Some checks are in place to identify and remove duplication of cases, to ensure that returns cover all reporting areas, and to check consistency within tables and between related tables.
Note that data are extracted from live administrative systems and therefore subject to routine revisions as systems are updated.
Timeliness and Punctuality: Timeliness refers to the elapsed time between publication and the period to which the data refer. Punctuality refers to the time lag between the actual and planned dates of publication.
Quarterly individual insolvency data were extracted approximately ten working days after latest quarter end. Typically, these statistics are scheduled to be released one month after quarter end. This is to allow time to extract and compile the statistics. Additionally, the quarterly company and individual insolvency cannot be published ahead of the release of quarterly statistics for Scotland published by the Accountant in Bankruptcy (AiB), nor the quarterly release of the official statistics published by Companies House on numbers of companies on the active register.
Top-level AiB statistics to Q1 2021 (published on 28th April) were presented within these individual insolvency statistics, and the Companies House data (published on 29th April) were used to calculate company liquidation rates in the quarterly company insolvency statistics.
Where a scheduled release date falls on a Monday the scheduled release has been pushed forwards by a day, to the Tuesday, to ensure compliance with the Pre-release Access to Official Statistics Order.
The publication schedule for these statistics, and all other Insolvency Service statistics, can be found on the UK National Statistics Publication Hub.
Comparability and Coherence: Comparability is the degree to which data can be compared over time and domain.

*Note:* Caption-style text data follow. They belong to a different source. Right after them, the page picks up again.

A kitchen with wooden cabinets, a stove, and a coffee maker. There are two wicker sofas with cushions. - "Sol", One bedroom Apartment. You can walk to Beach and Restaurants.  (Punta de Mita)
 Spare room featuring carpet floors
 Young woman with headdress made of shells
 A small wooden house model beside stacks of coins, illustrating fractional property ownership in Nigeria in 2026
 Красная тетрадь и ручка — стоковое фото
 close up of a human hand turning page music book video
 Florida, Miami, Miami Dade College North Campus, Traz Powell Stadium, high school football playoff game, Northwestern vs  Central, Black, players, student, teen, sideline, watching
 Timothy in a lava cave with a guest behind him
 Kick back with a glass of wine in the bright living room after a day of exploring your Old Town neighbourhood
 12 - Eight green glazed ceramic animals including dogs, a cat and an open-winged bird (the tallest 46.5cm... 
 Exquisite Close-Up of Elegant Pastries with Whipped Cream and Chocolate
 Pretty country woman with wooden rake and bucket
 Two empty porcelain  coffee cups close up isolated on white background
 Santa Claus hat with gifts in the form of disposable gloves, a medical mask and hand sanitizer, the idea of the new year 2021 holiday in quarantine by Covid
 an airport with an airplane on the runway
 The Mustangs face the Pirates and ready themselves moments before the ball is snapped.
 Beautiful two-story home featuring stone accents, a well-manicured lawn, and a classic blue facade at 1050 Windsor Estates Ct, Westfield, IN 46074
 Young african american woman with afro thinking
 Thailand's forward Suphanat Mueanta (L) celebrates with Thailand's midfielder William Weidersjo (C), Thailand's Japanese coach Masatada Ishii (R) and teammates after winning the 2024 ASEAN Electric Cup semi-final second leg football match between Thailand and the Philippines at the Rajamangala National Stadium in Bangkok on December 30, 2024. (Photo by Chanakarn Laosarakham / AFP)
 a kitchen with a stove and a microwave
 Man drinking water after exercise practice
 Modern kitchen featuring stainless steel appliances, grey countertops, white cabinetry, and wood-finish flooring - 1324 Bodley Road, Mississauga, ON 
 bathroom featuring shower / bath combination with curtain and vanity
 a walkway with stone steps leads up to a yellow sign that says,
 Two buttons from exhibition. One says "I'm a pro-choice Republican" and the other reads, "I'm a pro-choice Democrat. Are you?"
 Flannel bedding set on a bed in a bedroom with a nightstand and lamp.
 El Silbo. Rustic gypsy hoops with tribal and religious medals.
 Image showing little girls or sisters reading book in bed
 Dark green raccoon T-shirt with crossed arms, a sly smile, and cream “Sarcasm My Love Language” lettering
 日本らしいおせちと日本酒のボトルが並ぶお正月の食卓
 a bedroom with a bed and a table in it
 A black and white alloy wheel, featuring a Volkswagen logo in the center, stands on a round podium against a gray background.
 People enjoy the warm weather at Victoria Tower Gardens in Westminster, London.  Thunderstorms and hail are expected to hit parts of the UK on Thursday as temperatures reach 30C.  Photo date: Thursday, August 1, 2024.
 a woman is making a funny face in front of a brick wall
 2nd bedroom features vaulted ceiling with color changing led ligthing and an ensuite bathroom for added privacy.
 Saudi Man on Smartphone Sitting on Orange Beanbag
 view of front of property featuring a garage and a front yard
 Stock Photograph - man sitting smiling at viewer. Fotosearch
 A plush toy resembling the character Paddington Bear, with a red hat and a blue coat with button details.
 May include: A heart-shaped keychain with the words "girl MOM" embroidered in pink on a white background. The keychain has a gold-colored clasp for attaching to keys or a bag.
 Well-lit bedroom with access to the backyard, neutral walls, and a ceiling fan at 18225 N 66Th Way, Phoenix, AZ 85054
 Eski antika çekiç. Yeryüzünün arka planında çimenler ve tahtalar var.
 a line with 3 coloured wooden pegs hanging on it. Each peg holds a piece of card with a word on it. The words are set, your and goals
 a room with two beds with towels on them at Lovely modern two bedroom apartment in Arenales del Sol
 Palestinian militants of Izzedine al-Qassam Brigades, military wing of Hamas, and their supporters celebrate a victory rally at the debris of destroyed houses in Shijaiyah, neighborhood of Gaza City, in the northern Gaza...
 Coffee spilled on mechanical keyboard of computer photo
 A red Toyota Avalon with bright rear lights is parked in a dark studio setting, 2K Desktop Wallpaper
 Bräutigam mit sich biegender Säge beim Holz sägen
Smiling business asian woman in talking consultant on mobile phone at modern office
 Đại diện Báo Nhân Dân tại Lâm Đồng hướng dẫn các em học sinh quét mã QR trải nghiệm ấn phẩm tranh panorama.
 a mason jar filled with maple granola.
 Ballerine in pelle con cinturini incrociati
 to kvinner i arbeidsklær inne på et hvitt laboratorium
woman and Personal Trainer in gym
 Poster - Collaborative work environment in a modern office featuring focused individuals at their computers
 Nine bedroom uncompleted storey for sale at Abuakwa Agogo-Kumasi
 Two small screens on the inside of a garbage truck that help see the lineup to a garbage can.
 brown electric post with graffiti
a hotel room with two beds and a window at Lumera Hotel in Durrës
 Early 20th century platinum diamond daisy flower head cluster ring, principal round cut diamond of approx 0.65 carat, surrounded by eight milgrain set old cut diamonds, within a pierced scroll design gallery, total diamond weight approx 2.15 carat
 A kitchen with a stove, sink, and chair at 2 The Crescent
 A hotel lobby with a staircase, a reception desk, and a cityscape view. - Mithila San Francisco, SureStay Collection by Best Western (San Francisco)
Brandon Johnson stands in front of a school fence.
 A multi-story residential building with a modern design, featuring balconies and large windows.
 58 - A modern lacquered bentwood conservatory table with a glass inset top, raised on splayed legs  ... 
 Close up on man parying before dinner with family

Coherence is the degree to which data are derived from different sources or methods, but refer to the same topic, are similar.
The Insolvency Service also publishes monthly insolvency statistics. The sum of these quarterly statistics may not equal previously published monthly statistics since the data were extracted at different times from live administrative systems which are subject to amendments.
The Gazette (formally the combination of three publications: The London Gazette, The Belfast Gazette and The Edinburgh Gazette) is an official journal of record consisting of statutory notices, including company and personal insolvency notices. The timings of the publication of Gazette notices and the registration of company insolvencies at Companies House may differ and therefore the numbers of insolvencies in a specified time period may not align.
Individual insolvencies in Scotland are compiled and published separately by the Accountant in Bankruptcy (AiB). The Insolvency Service incorporates individual insolvencies in Scotland into the quarterly individual insolvency statistics for completeness. Therefore, these statistics should align.
Accessibility and Clarity: Accessibility is the ease with which users are able to access the data, also reflecting the format in which the data are available and the availability of supporting information. Clarity refers to the quality and sufficiency of metadata, illustrations and accompanying advice.
Insolvency Statistics are available free of charge to the end user on the They are released via the Publication Hub and they meet the standards required under the Code of Practice for Official Statistics.
Historical insolvency data are also published for the key series, on the National Archives website.